When he collected her from her room for dinner, he was struck dumb for a moment.
‘Smashing,’ he said at last, in English, after she had twirled twice on her axis in her glittering black dress, still slightly crumpled in places from the journey. Around her neck she wore a piece of Indian jewellery, and all the rings but one had vanished. When his eye settled in puzzlement on her hands, she winked an eye and grinned.
‘You didn’t like them, did you?’
‘Was it that obvious?’
‘I can read you like a book. Always could. Don’t you remember?’
He looked at his watch. ‘Time to go. Don’t forget your bag.’
On the way to the door she looked at herself again in the big, half-blind mirror on the wall and straightened a stocking. If only she would drop the damned purple , he thought. And her heels didn’t need to be quite so high, either. Just before they left the corridor, he stopped and held her back by the arm.
‘I wanted to ask you a favor. Just a small thing.’
‘Yes?’
‘Brian Millar will probably play in the lounge after dinner. At the grand piano, I mean.’ He paused and looked at the floor. ‘No one here knows that I play as well. Played. And I’d like it to stay that way. OK?’
She looked at him quizzically and shook her head very slightly.
‘But you don’t need to hide yourself! I’d like to see if this man Millar plays better than you!’
‘Please. I… I can’t really explain. But that’s how I’d like it.’
‘If you want, of course,’ she said slowly, and played absently with the strap of her bag. ‘But… there’s something up with you. I’ve been feeling it for some time. Won’t you tell me?’
‘Come on,’ he said, ‘or we’ll be the last ones in.’
At dinner Perlmann felt as if he were sitting on hot coals. He tried not to look, but his attention was focused entirely on what his daughter was saying, and he twitched at every mistake she made in English. But she did dazzlingly well. She had ended up next to Silvestri, diagonally opposite Millar.

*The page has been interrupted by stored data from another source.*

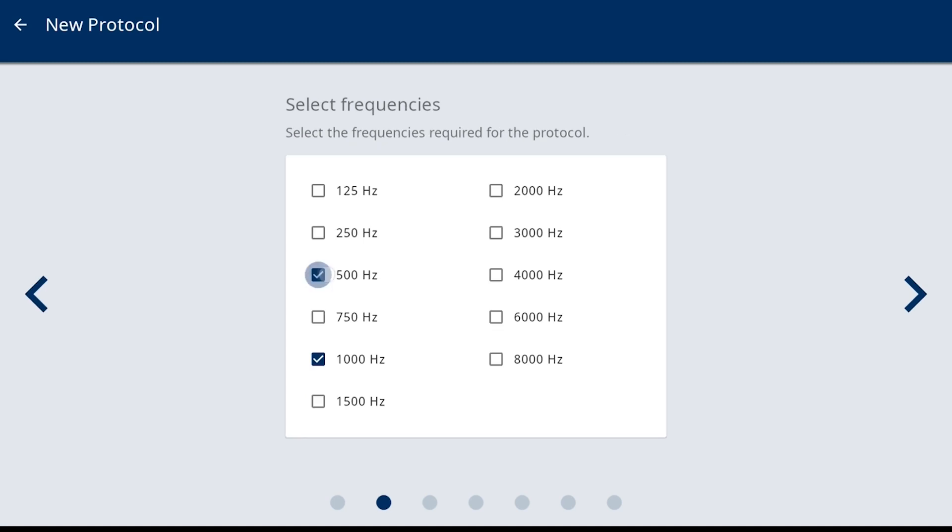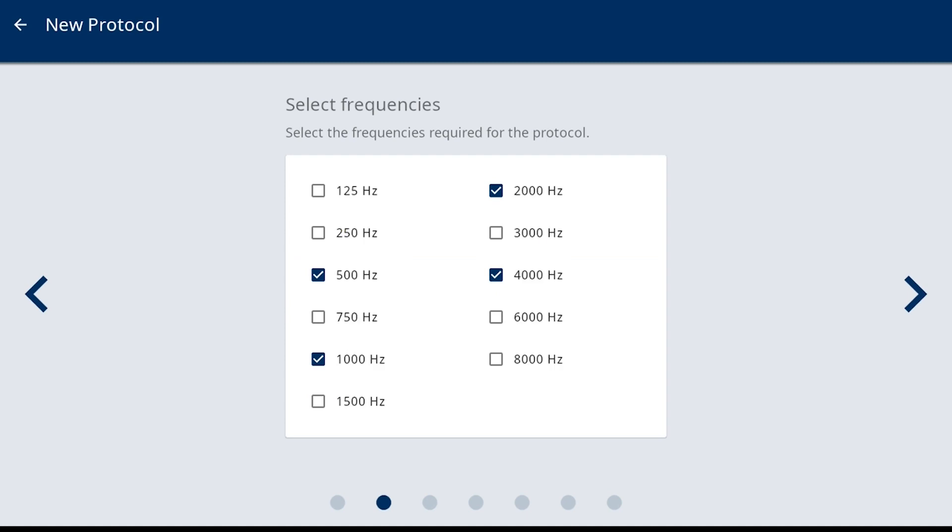Selection of test frequencies is next. Select the frequencies that are required for your hearing screening program. The blue check mark indicates those frequencies activated and part of the protocol.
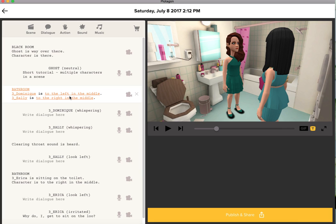In my first scene I have, as you can see, two characters — Sally and Dominique — and the other two places where you might have a character, the bathtub and the toilet, are not occupied in the scene. Obviously, because you can't have more than two characters.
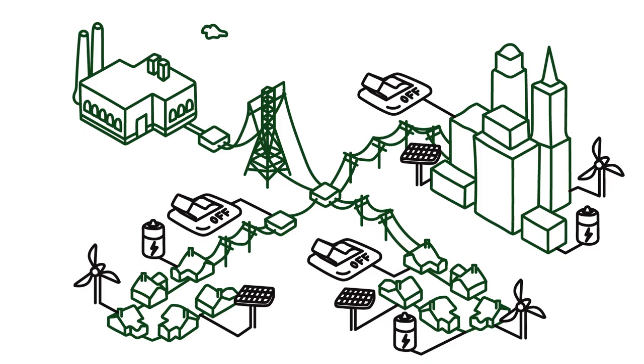The overall goal is to make the grid of the future reliable, efficient, and clean.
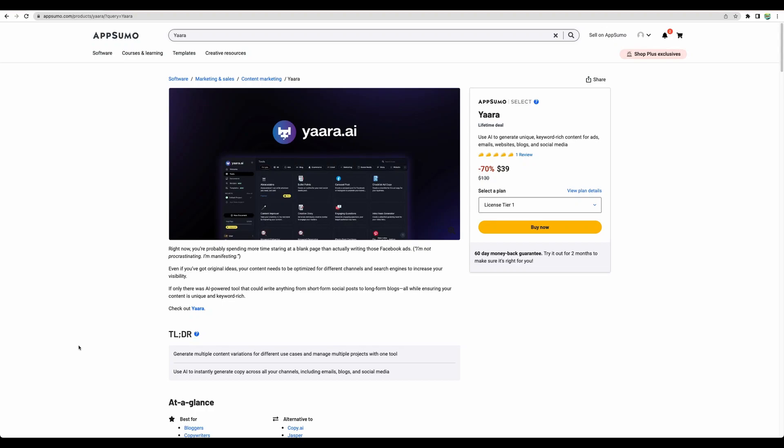Hello. Let's review the new AI writing tool that recently became available on AppSumo. It is called Yaara.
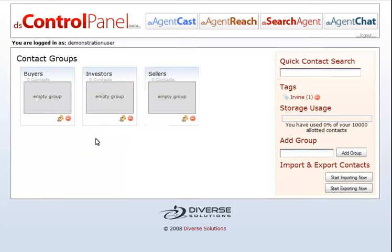To delete an existing group, click on the red delete button. Remember, if you have contacts in your group, you will be deleting them as well. To add or manage your contacts in a group, simply click onto the group.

The Italian had – and Perlmann wouldn’t have expected it of him – immediately stood up when they stepped to the table, and had straightened Kirsten’s chair for her as she sat down. At the sight of this, Ruge’s face had twisted into a grin, and Kirsten had blushed slightly under her freckles. When she dared to speak a few words of Italian, Silvestri immediately continued in his mother tongue, until she waved him to stop and he rested his hand, laughing, on her bare arm. And even though she talked mostly to Millar after that, Perlmann was quite sure that she didn’t forget Silvestri’s presence beside her for a moment.
English and history, she said, when Millar asked her what subjects she was studying. But that might change, she was still only starting. When answering Millar’s questions about the details of her study she made more linguistic mistakes than before, and Perlmann had no idea what he was eating.